Streikbereitschaft in Deutschland: Da legst sie nieder!
Die Deutschen haben 2018 viermal so viel gestreikt wie im Vorjahr. Sozialistische Zeiten stehen aber nicht bevor – eher unbezahlte Pflegearbeit.
Ein Klassiker des Sowjetkinos ist der Film „Streik“ von Sergei Eisenstein. In der berühmtesten Szene führt der Regisseur seine revolutionäre Montagetechnik vor: Aufnahmen streikender Fabrikarbeiter, die vom Militär über die Felder gejagt werden, wechseln sich ab mit der Schlachtung einer Kuh. Dialektik und so.
In Deutschland laufen Arbeitskämpfe natürlich gesitteter ab, ein paar Warnwesten hier, eine Trillerpfeife da.

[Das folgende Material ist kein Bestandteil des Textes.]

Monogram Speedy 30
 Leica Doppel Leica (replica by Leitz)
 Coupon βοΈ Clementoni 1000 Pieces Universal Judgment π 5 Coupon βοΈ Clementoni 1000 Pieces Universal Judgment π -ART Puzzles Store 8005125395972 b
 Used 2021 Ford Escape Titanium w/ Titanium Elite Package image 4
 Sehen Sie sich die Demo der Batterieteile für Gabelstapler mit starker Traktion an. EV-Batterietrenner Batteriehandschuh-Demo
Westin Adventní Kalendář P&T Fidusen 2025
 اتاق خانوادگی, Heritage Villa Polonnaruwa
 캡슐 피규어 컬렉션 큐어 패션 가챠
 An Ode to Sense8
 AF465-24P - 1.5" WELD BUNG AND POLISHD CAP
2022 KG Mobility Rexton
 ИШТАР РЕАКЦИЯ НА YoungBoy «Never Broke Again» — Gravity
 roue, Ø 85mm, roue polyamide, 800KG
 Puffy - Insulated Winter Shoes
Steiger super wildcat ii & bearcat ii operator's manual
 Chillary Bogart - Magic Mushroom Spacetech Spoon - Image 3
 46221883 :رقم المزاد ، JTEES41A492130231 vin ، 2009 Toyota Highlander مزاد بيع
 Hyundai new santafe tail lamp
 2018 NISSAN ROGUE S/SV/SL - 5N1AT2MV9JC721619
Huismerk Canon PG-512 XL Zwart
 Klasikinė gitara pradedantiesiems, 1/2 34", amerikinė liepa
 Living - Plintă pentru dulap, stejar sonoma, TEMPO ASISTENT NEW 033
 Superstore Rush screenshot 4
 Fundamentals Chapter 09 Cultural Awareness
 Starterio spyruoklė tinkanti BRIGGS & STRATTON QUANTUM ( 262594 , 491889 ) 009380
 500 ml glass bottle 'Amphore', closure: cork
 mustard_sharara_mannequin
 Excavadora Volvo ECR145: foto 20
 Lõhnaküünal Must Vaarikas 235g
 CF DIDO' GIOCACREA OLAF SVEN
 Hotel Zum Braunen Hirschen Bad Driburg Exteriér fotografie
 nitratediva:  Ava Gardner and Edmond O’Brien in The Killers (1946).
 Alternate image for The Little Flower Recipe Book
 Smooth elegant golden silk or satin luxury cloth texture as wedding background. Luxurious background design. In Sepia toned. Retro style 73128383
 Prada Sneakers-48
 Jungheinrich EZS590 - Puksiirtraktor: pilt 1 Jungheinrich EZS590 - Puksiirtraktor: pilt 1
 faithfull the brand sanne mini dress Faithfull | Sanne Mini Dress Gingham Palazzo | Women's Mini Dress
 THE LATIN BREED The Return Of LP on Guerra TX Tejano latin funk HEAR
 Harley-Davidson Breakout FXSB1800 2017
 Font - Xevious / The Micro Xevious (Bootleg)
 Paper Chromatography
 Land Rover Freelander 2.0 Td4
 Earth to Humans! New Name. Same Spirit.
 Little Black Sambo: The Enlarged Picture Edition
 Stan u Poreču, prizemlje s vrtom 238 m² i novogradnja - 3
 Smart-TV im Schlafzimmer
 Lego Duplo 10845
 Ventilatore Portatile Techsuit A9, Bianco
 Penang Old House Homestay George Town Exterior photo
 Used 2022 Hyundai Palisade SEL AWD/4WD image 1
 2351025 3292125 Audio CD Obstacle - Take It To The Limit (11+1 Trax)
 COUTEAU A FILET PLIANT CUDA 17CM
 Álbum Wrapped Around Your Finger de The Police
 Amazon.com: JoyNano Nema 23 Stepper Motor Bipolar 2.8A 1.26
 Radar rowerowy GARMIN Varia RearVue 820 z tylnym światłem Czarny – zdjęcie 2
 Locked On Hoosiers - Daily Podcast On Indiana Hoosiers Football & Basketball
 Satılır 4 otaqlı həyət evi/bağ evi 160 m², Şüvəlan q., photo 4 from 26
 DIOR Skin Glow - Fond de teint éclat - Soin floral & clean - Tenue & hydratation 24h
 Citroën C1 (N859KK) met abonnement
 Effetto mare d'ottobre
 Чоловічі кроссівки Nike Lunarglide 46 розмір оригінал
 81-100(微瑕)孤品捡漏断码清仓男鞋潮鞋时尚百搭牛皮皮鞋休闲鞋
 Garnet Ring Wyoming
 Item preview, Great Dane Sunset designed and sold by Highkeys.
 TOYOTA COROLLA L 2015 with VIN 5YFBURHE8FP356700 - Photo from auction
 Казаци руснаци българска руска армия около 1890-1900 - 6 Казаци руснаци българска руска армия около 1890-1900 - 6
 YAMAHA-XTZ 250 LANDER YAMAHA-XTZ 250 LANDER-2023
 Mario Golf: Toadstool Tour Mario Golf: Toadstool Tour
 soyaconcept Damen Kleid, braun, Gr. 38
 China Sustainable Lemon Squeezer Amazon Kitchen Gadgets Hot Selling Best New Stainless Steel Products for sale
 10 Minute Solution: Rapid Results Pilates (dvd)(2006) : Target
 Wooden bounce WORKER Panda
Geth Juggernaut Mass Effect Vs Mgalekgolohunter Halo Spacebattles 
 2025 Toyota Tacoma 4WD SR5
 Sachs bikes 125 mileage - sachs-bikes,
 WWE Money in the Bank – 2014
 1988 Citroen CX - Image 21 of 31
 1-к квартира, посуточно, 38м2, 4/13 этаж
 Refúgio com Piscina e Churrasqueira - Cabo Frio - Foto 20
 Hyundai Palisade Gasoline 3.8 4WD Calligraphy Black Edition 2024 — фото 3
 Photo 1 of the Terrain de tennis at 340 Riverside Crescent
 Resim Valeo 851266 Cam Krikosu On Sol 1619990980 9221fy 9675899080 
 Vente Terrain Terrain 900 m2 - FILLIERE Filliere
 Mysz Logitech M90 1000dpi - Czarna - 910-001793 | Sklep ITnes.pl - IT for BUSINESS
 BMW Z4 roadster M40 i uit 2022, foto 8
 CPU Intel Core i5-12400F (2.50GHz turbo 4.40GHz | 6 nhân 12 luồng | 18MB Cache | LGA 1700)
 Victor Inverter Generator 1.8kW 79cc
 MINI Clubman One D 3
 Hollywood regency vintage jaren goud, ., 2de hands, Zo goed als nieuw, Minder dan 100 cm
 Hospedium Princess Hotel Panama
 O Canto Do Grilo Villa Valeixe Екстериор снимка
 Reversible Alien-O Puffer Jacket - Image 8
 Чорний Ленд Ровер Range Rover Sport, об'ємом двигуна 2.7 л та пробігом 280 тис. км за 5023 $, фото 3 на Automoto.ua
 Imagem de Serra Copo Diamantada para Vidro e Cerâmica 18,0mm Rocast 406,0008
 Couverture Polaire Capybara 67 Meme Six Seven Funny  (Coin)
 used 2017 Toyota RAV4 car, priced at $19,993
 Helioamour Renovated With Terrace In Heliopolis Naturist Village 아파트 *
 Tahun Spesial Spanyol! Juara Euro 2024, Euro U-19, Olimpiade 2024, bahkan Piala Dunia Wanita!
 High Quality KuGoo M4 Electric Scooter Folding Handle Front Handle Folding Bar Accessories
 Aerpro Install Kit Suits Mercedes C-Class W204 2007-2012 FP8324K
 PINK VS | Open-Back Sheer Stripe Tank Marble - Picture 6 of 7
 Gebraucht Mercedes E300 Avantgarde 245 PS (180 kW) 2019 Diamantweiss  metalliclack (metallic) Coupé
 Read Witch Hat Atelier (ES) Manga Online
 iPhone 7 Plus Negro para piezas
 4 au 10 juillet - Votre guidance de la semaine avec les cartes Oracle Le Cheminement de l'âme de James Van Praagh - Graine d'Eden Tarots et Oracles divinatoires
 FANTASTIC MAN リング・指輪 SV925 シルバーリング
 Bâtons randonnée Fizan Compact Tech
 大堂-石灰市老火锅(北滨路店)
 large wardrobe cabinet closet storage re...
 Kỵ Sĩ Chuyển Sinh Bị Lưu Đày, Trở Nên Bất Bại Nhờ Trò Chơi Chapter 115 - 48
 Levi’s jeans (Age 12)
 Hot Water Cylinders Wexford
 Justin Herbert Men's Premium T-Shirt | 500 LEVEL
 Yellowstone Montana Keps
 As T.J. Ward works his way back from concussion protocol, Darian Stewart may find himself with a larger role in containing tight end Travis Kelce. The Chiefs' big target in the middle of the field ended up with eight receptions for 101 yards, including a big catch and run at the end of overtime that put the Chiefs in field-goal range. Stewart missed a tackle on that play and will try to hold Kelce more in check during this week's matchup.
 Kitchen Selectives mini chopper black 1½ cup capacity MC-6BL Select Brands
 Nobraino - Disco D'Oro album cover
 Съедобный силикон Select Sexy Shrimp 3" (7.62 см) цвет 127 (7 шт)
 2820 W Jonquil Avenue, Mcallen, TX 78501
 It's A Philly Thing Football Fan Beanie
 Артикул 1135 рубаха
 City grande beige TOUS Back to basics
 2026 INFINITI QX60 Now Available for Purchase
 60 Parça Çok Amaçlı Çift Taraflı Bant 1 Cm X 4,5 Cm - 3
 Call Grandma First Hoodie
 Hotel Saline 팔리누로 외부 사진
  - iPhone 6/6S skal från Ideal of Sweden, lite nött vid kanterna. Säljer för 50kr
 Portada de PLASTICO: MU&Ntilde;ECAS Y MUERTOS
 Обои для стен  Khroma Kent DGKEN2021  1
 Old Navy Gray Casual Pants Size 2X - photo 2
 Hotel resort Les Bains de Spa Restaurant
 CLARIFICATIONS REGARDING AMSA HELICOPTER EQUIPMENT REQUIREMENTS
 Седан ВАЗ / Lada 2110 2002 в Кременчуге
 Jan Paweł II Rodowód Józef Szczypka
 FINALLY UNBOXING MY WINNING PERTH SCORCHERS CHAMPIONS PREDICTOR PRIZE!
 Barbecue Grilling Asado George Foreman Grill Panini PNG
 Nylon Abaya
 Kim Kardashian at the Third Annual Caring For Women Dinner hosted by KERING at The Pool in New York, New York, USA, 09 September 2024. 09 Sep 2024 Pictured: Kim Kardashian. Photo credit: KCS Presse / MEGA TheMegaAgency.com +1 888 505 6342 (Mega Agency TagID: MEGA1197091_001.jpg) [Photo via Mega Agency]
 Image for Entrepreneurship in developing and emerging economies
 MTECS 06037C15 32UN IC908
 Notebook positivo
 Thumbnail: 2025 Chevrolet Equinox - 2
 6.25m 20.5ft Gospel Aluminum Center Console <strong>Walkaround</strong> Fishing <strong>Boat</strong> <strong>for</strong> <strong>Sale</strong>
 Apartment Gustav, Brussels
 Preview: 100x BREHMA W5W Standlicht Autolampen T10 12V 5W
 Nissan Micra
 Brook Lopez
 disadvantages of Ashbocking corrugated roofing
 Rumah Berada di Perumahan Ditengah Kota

Da überraschte am Donnerstag doch die Meldung, dass 2018 in der Bundesrepublik viermal so viel gestreikt wurde wie im Vorjahr: rund 1 Million Arbeitstage seien flachgefallen, heißt es in der Bilanz des Wirtschafts- und Sozialwissenschaftlichen Instituts (WSI) der Hans-Böckler-Stiftung (hier im pdf). Statt 131.000 Teilnehmer*innen wie 2017 beteiligten sich 2018 1,2 Millionen Menschen an den Tarifauseinandersetzungen. Das sind fast so viele, als hätte ganz München für einen Tag aufgehört zu arbeiten: Da legst dich nieder.
Allerdings: Ein rotes Arbeiterregime ist nicht zu erwarten. Erstens waren die Werte 2018 nicht besonders hoch, sondern lediglich 2017 ziemlich tief. In den letzten zehn Jahren waren derartige Schwankungen nach Daten des WSI jedenfalls normal: Tarifrunden eben. Zweitens ist Deutschland im internationalen Vergleich wahrlich kein Streikstaat: Man liege „im unteren Mittelfeld“, schreibt das Institut. Soll heißen, während in Deutschland pro 1.000 Beschäftigten etwa 16 Arbeitstage ausfallen, liegt diese Quote in Dänemark bei 116 und in Frankreich – na klar – noch höher, bei 118.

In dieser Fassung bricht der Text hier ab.